BEGIN

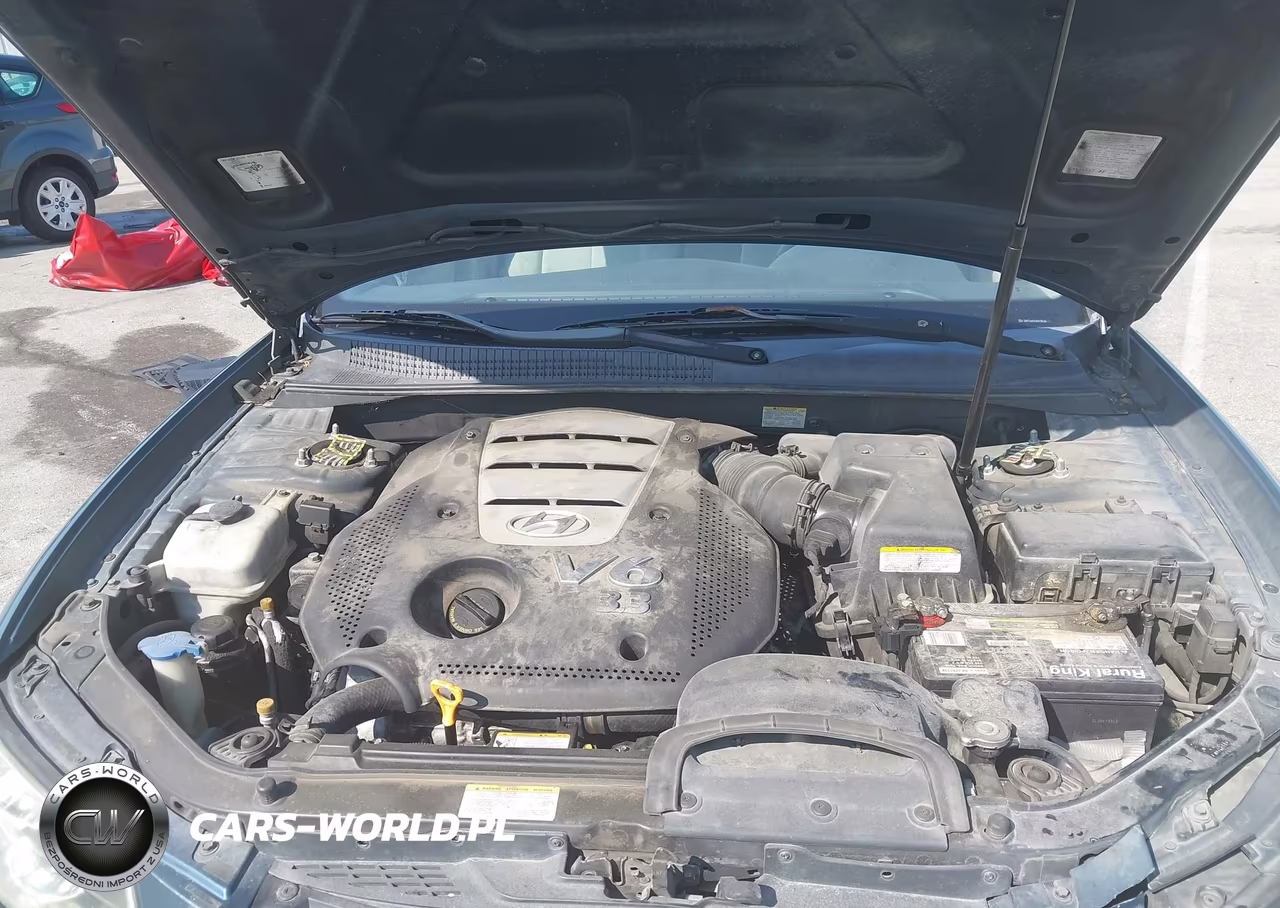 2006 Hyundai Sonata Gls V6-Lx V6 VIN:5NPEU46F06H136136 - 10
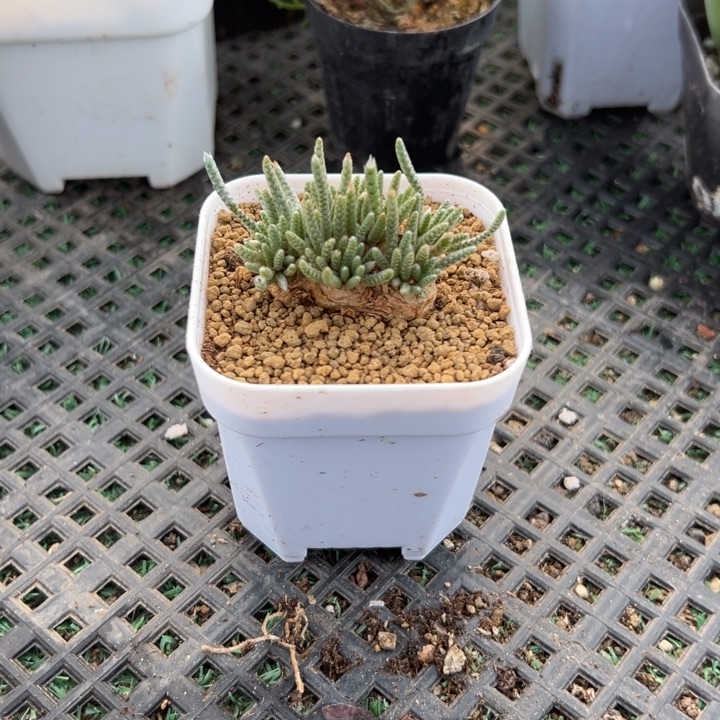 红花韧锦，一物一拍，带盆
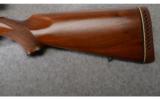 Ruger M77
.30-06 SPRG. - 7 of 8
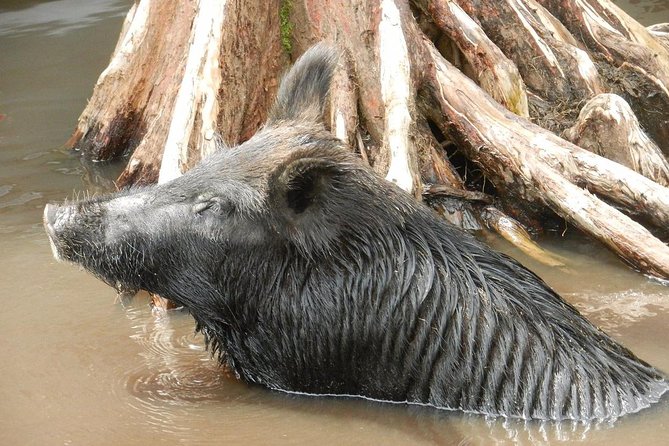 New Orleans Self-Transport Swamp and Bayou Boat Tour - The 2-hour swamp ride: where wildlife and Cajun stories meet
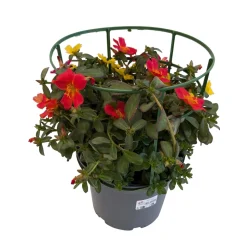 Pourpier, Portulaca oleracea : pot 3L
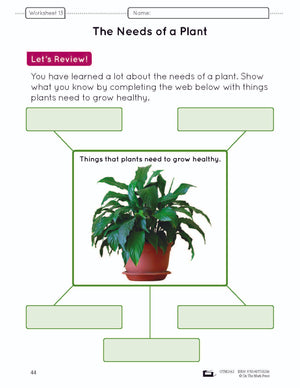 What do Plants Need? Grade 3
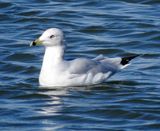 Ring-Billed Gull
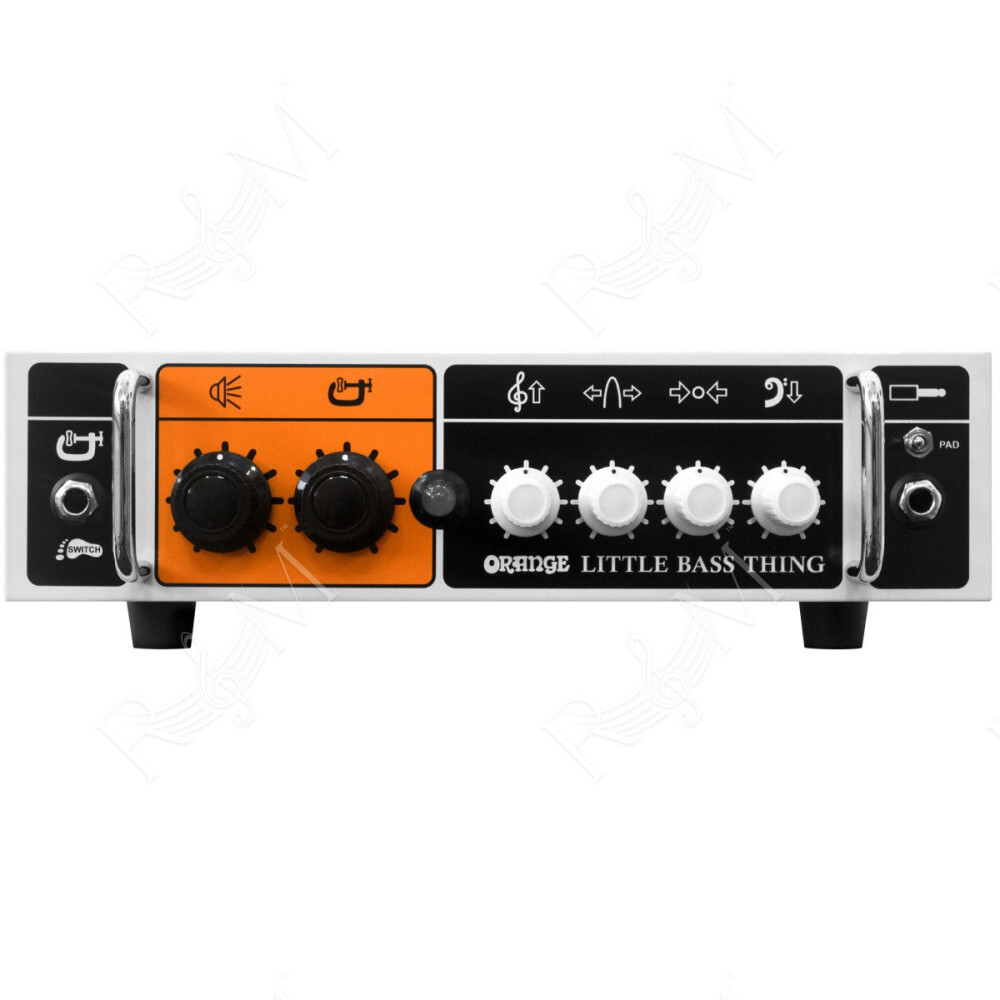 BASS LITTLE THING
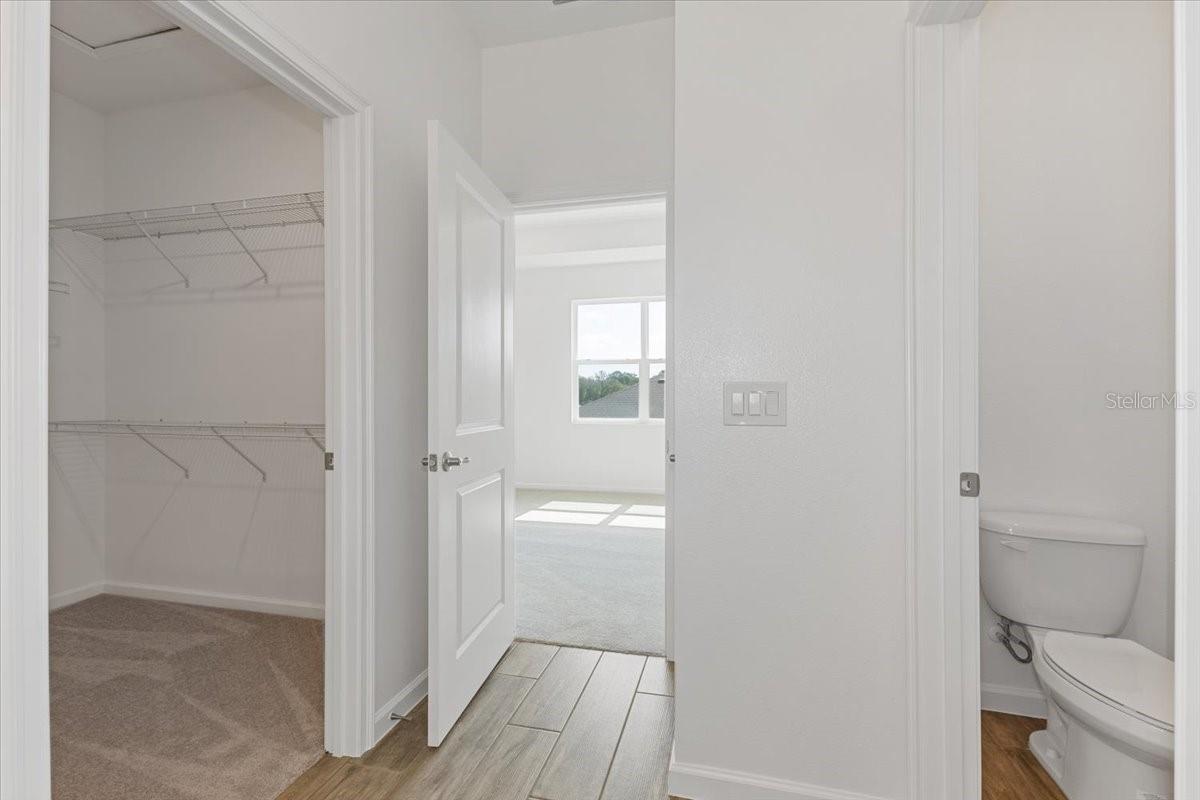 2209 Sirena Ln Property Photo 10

END

Nothing but the records, restated word for word and stripped of images, belongs in the answer.

 2006 Hyundai Sonata Gls V6-Lx V6 VIN:5NPEU46F06H136136 - 10
 红花韧锦，一物一拍，带盆
 Ruger M77
.30-06 SPRG. - 7 of 8
 New Orleans Self-Transport Swamp and Bayou Boat Tour - The 2-hour swamp ride: where wildlife and Cajun stories meet
 Pourpier, Portulaca oleracea : pot 3L
 What do Plants Need? Grade 3
 Ring-Billed Gull
 BASS LITTLE THING
 2209 Sirena Ln Property Photo 10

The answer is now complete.